After searching a looot of apps, I found the `One Zone` app. Desgined specifically to chose a restaurant by the vibe they evoke. However, the dataset is really small, as they add restaurants manually. They don't use any kind of deep learning method. Maybe we can use it as a test dataset.

Therefore, what I am going to try to do, is to develop a NLP model to classify customer reviews by the restaurant vibe. Then I would label the restaurants images by the vibe obtained with the NLP model.

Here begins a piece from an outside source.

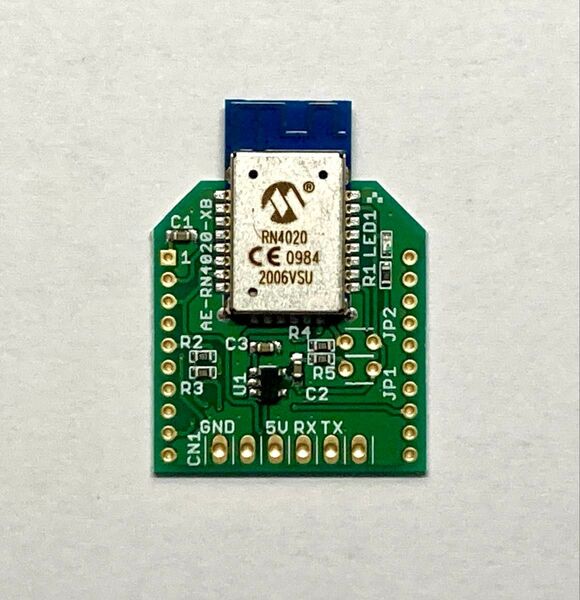 【ほぼ未使用】マイクロチップ RN4020 Bluetooth LowEnergy モジュール Microchip BLE 4.1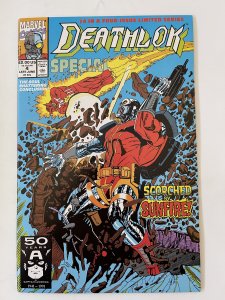 Deathlok Special #4  - NM+  (1991)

**(PONER IMAGEN DEL WORKFLOW QUE VOY A SEGUIR)**

## Yelp Dataset

So we'll be working with Yelp dataset. The Yelp Open Dataset is an extensive collection provided by Yelp for academic and research purposes. It offers a rich source of data from Yelp's vast repository of local business reviews and user interactions. It contains:

1. **Businesses:**
Basic information about local businesses, including their name, location (address, city, state, postal code), latitude and longitude, average rating, category (e.g., Restaurants, Shopping, Beauty & Spas), and the number of reviews they have received. This allows for analyses focused on geographical trends, category-based studies, and more.

2. **Reviews:**
Millions of text reviews written by Yelp users for various businesses. Each review includes the user's text review, the star rating they gave, and the date of the review. This data is invaluable for sentiment analysis, natural language processing tasks, and understanding consumer preferences.

3. **Users:**
Information about Yelp users who have written reviews, including their user ID, name, review count, yelping since (the date they joined Yelp), friends, and other social metrics. This can be used for social network analysis, studying user behavior, and personalization algorithms.

4. **Check-ins:**
Data about check-ins at businesses by Yelp users, which can help in analyzing foot traffic trends, popular times, and loyalty or frequency of visits.

5. **Tips:**
Short notes left by users about a business. Tips can contain advice, recommendations, or comments about what's good or what to avoid. This dataset is useful for extracting quick insights or highlights about businesses.

6. **Photos:**
Metadata about photos associated with businesses, including a photo ID, business ID, caption, and labels indicating the photo category (e.g., food, interior, exterior).
This can support visual analysis of businesses or complement review-based insights as in our case.

## Loading Yelp data

In [None]:
from google.colab import drive
drive.mount('/content/drive')

Mounted at /content/drive


In [None]:
!unzip "/content/drive/MyDrive/yelp.zip" -d "/content/data/"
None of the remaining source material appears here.